- Exercise:
All of the data is to be repeated verbatim.
*** Opening of Provided entries ***
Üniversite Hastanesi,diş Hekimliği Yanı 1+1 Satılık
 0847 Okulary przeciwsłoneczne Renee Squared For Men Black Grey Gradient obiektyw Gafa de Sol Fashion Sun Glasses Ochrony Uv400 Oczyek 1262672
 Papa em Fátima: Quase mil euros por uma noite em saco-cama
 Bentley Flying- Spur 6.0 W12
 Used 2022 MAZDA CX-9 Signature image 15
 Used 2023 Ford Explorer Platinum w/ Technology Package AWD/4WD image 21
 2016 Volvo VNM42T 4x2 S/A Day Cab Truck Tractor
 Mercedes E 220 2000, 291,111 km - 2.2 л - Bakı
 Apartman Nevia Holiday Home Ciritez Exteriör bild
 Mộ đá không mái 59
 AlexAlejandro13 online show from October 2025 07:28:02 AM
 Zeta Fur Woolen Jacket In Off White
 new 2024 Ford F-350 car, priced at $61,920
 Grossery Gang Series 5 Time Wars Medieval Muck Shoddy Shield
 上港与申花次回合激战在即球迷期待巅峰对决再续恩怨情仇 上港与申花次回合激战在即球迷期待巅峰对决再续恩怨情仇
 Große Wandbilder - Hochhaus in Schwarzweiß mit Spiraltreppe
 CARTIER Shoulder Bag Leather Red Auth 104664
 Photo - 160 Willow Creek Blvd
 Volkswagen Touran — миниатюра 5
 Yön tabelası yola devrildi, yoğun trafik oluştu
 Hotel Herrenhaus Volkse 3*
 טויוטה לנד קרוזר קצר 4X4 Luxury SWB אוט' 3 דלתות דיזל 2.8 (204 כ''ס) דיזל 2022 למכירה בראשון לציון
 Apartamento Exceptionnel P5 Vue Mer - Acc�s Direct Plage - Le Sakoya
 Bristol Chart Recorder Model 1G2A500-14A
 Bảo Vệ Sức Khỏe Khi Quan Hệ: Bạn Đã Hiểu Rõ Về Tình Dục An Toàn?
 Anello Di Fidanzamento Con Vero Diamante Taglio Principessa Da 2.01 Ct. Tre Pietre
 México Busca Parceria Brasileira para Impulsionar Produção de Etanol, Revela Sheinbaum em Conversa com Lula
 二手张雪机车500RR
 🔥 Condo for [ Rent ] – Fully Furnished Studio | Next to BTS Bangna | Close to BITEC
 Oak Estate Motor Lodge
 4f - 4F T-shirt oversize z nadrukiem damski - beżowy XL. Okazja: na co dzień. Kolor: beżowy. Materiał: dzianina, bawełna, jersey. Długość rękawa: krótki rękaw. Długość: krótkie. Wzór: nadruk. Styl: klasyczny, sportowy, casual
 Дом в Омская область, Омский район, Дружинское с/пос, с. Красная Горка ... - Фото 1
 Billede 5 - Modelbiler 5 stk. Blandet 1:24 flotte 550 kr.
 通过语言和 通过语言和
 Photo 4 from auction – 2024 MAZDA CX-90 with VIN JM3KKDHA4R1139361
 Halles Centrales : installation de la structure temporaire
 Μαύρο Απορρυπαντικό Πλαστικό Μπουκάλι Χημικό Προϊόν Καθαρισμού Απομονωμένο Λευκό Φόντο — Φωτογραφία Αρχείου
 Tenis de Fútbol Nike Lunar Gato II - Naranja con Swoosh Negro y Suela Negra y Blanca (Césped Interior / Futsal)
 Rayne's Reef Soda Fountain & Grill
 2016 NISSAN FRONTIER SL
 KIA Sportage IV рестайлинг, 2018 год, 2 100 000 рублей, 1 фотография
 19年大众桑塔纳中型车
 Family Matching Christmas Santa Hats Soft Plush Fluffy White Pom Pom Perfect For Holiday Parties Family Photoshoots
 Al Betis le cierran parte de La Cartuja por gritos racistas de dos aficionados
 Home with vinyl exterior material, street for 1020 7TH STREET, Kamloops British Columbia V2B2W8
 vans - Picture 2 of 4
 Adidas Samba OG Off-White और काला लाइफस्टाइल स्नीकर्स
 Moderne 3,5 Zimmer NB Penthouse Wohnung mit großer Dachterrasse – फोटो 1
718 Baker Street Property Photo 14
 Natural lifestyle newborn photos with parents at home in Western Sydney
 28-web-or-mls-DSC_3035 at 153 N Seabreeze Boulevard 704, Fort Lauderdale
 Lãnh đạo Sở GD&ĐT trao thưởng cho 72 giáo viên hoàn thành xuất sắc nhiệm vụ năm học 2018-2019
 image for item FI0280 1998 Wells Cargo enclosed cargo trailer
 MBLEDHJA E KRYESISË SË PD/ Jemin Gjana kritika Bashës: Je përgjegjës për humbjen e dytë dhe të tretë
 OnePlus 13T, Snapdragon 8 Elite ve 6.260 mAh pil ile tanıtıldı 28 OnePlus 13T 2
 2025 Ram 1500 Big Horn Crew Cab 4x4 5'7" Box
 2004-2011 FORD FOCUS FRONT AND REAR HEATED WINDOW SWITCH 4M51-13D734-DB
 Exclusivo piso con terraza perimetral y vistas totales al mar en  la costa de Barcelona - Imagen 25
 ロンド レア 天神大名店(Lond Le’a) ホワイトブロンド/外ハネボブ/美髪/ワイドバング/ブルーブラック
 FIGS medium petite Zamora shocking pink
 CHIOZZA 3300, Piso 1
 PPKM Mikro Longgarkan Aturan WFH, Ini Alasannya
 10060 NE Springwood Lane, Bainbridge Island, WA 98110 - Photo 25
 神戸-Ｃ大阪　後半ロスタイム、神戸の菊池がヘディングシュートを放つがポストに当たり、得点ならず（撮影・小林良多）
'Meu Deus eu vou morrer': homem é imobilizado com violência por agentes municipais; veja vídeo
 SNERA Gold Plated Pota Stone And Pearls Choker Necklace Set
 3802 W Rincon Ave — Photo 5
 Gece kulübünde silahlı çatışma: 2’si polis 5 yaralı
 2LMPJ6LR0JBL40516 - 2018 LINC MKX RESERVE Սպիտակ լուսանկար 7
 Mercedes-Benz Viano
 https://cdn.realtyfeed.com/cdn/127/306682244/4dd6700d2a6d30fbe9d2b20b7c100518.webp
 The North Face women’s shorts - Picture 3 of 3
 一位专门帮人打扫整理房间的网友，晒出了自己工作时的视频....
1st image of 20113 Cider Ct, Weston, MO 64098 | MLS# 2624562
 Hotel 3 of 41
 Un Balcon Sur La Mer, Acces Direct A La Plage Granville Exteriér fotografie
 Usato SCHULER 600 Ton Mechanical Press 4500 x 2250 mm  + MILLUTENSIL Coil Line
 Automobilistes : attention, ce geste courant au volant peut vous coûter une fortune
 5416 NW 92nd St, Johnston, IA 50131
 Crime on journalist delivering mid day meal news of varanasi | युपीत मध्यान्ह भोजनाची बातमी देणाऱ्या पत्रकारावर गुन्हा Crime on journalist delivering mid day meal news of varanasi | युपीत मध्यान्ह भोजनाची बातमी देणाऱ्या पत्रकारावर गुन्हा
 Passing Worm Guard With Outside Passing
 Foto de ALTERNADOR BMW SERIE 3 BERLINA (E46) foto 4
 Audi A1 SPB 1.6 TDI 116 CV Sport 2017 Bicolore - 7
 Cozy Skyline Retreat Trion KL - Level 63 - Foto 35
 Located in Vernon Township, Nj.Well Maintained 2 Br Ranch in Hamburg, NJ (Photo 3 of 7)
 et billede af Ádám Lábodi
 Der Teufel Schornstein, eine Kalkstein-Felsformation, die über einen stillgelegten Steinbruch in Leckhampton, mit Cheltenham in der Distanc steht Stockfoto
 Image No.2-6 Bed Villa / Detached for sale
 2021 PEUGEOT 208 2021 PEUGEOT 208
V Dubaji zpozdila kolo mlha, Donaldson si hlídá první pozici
*** Close of Provided entries ***
- Task solution:
Üniversite Hastanesi,diş Hekimliği Yanı 1+1 Satılık
 0847 Okulary przeciwsłoneczne Renee Squared For Men Black Grey Gradient obiektyw Gafa de Sol Fashion Sun Glasses Ochrony Uv400 Oczyek 1262672
 Papa em Fátima: Quase mil euros por uma noite em saco-cama
 Bentley Flying- Spur 6.0 W12
 Used 2022 MAZDA CX-9 Signature image 15
 Used 2023 Ford Explorer Platinum w/ Technology Package AWD/4WD image 21
 2016 Volvo VNM42T 4x2 S/A Day Cab Truck Tractor
 Mercedes E 220 2000, 291,111 km - 2.2 л - Bakı
 Apartman Nevia Holiday Home Ciritez Exteriör bild
 Mộ đá không mái 59
 AlexAlejandro13 online show from October 2025 07:28:02 AM
 Zeta Fur Woolen Jacket In Off White
 new 2024 Ford F-350 car, priced at $61,920
 Grossery Gang Series 5 Time Wars Medieval Muck Shoddy Shield
 上港与申花次回合激战在即球迷期待巅峰对决再续恩怨情仇 上港与申花次回合激战在即球迷期待巅峰对决再续恩怨情仇
 Große Wandbilder - Hochhaus in Schwarzweiß mit Spiraltreppe
 CARTIER Shoulder Bag Leather Red Auth 104664
 Photo - 160 Willow Creek Blvd
 Volkswagen Touran — миниатюра 5
 Yön tabelası yola devrildi, yoğun trafik oluştu
 Hotel Herrenhaus Volkse 3*
 טויוטה לנד קרוזר קצר 4X4 Luxury SWB אוט' 3 דלתות דיזל 2.8 (204 כ''ס) דיזל 2022 למכירה בראשון לציון
 Apartamento Exceptionnel P5 Vue Mer - Acc�s Direct Plage - Le Sakoya
 Bristol Chart Recorder Model 1G2A500-14A
 Bảo Vệ Sức Khỏe Khi Quan Hệ: Bạn Đã Hiểu Rõ Về Tình Dục An Toàn?
 Anello Di Fidanzamento Con Vero Diamante Taglio Principessa Da 2.01 Ct. Tre Pietre
 México Busca Parceria Brasileira para Impulsionar Produção de Etanol, Revela Sheinbaum em Conversa com Lula
 二手张雪机车500RR
 🔥 Condo for [ Rent ] – Fully Furnished Studio | Next to BTS Bangna | Close to BITEC
 Oak Estate Motor Lodge
 4f - 4F T-shirt oversize z nadrukiem damski - beżowy XL. Okazja: na co dzień. Kolor: beżowy. Materiał: dzianina, bawełna, jersey. Długość rękawa: krótki rękaw. Długość: krótkie. Wzór: nadruk. Styl: klasyczny, sportowy, casual
 Дом в Омская область, Омский район, Дружинское с/пос, с. Красная Горка ... - Фото 1
 Billede 5 - Modelbiler 5 stk. Blandet 1:24 flotte 550 kr.
 通过语言和 通过语言和
 Photo 4 from auction – 2024 MAZDA CX-90 with VIN JM3KKDHA4R1139361
 Halles Centrales : installation de la structure temporaire
 Μαύρο Απορρυπαντικό Πλαστικό Μπουκάλι Χημικό Προϊόν Καθαρισμού Απομονωμένο Λευκό Φόντο — Φωτογραφία Αρχείου
 Tenis de Fútbol Nike Lunar Gato II - Naranja con Swoosh Negro y Suela Negra y Blanca (Césped Interior / Futsal)
 Rayne's Reef Soda Fountain & Grill
 2016 NISSAN FRONTIER SL
 KIA Sportage IV рестайлинг, 2018 год, 2 100 000 рублей, 1 фотография
 19年大众桑塔纳中型车
 Family Matching Christmas Santa Hats Soft Plush Fluffy White Pom Pom Perfect For Holiday Parties Family Photoshoots
 Al Betis le cierran parte de La Cartuja por gritos racistas de dos aficionados
 Home with vinyl exterior material, street for 1020 7TH STREET, Kamloops British Columbia V2B2W8
 vans - Picture 2 of 4
 Adidas Samba OG Off-White और काला लाइफस्टाइल स्नीकर्स
 Moderne 3,5 Zimmer NB Penthouse Wohnung mit großer Dachterrasse – फोटो 1
718 Baker Street Property Photo 14
 Natural lifestyle newborn photos with parents at home in Western Sydney
 28-web-or-mls-DSC_3035 at 153 N Seabreeze Boulevard 704, Fort Lauderdale
 Lãnh đạo Sở GD&ĐT trao thưởng cho 72 giáo viên hoàn thành xuất sắc nhiệm vụ năm học 2018-2019
 image for item FI0280 1998 Wells Cargo enclosed cargo trailer
 MBLEDHJA E KRYESISË SË PD/ Jemin Gjana kritika Bashës: Je përgjegjës për humbjen e dytë dhe të tretë
 OnePlus 13T, Snapdragon 8 Elite ve 6.260 mAh pil ile tanıtıldı 28 OnePlus 13T 2
 2025 Ram 1500 Big Horn Crew Cab 4x4 5'7" Box
 2004-2011 FORD FOCUS FRONT AND REAR HEATED WINDOW SWITCH 4M51-13D734-DB
 Exclusivo piso con terraza perimetral y vistas totales al mar en  la costa de Barcelona - Imagen 25
 ロンド レア 天神大名店(Lond Le’a) ホワイトブロンド/外ハネボブ/美髪/ワイドバング/ブルーブラック
 FIGS medium petite Zamora shocking pink
 CHIOZZA 3300, Piso 1
 PPKM Mikro Longgarkan Aturan WFH, Ini Alasannya
 10060 NE Springwood Lane, Bainbridge Island, WA 98110 - Photo 25
 神戸-Ｃ大阪　後半ロスタイム、神戸の菊池がヘディングシュートを放つがポストに当たり、得点ならず（撮影・小林良多）
'Meu Deus eu vou morrer': homem é imobilizado com violência por agentes municipais; veja vídeo
 SNERA Gold Plated Pota Stone And Pearls Choker Necklace Set
 3802 W Rincon Ave — Photo 5
 Gece kulübünde silahlı çatışma: 2’si polis 5 yaralı
 2LMPJ6LR0JBL40516 - 2018 LINC MKX RESERVE Սպիտակ լուսանկար 7
 Mercedes-Benz Viano
 https://cdn.realtyfeed.com/cdn/127/306682244/4dd6700d2a6d30fbe9d2b20b7c100518.webp
 The North Face women’s shorts - Picture 3 of 3
 一位专门帮人打扫整理房间的网友，晒出了自己工作时的视频....
1st image of 20113 Cider Ct, Weston, MO 64098 | MLS# 2624562
 Hotel 3 of 41
 Un Balcon Sur La Mer, Acces Direct A La Plage Granville Exteriér fotografie
 Usato SCHULER 600 Ton Mechanical Press 4500 x 2250 mm  + MILLUTENSIL Coil Line
 Automobilistes : attention, ce geste courant au volant peut vous coûter une fortune
 5416 NW 92nd St, Johnston, IA 50131
 Crime on journalist delivering mid day meal news of varanasi | युपीत मध्यान्ह भोजनाची बातमी देणाऱ्या पत्रकारावर गुन्हा Crime on journalist delivering mid day meal news of varanasi | युपीत मध्यान्ह भोजनाची बातमी देणाऱ्या पत्रकारावर गुन्हा
 Passing Worm Guard With Outside Passing
 Foto de ALTERNADOR BMW SERIE 3 BERLINA (E46) foto 4
 Audi A1 SPB 1.6 TDI 116 CV Sport 2017 Bicolore - 7
 Cozy Skyline Retreat Trion KL - Level 63 - Foto 35
 Located in Vernon Township, Nj.Well Maintained 2 Br Ranch in Hamburg, NJ (Photo 3 of 7)
 et billede af Ádám Lábodi
 Der Teufel Schornstein, eine Kalkstein-Felsformation, die über einen stillgelegten Steinbruch in Leckhampton, mit Cheltenham in der Distanc steht Stockfoto
 Image No.2-6 Bed Villa / Detached for sale
 2021 PEUGEOT 208 2021 PEUGEOT 208
V Dubaji zpozdila kolo mlha, Donaldson si hlídá první pozici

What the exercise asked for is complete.